A new soul is born in the person and this is destined to drive Lucifer from his throne.Atthe birth oftheBoy the ancient, long extinguished morning star begins to glimmer in the sixth microcosmic shell. Sirius, the bright new morning star, is visible again for the first time in innumerable millennia.

Voldemort knows that a power greater than he has been born in his realm and he sets out to kill it before it can grow beyond his control. Like Herod he attempts to kill the power not of this world, but, like Herod, he fails. He has become Satan, the ‘adversary’, and will fight Harry to the last breath.

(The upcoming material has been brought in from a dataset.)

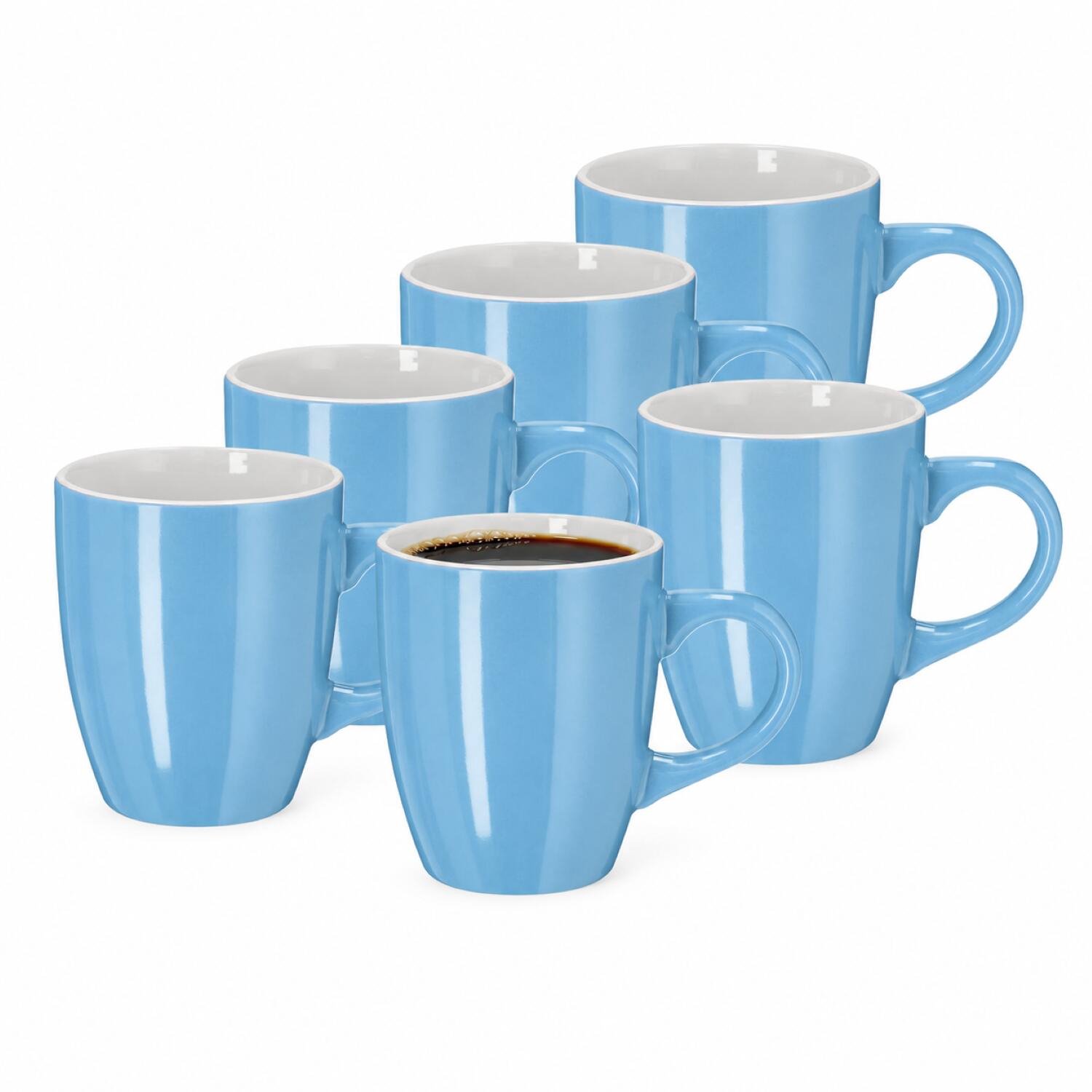Bellatio Design Koffiekopjes sweet Glaze - 6x stuks - Keramiek - lichtblauw - 350 ml - 8 x 10 cm - mokken - bekers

This same story appears in The Chymical Wedding of Christian Rosycross. On the fourth day a play is performed and begins thus: A very ancient King came on, with some servants; before his throne was brought a little chest, with mention being made that it was found upon the water. Now it being opened, there appeared in it a lovely baby, together with some jewels, and a small letter of parchment sealed and superscribed to the King, which the King therefore opened; and having read it, wept, and then declared to his servants how injuriously the King of the Moors had deprived his aunt of her country, and had extinguished all the royal seed except this infant, with the daughter of which country he had now the intention of matching his son.

The King of the Moors here is Voldemort. There was no worry about racial discrimination in those days and with apologies to any black people reading this, black was used as a symbol of the power of darkness.

Voldemort is also discussed in eastern spiritual traditions; for example in Buddhism he is called Mara, bitterness.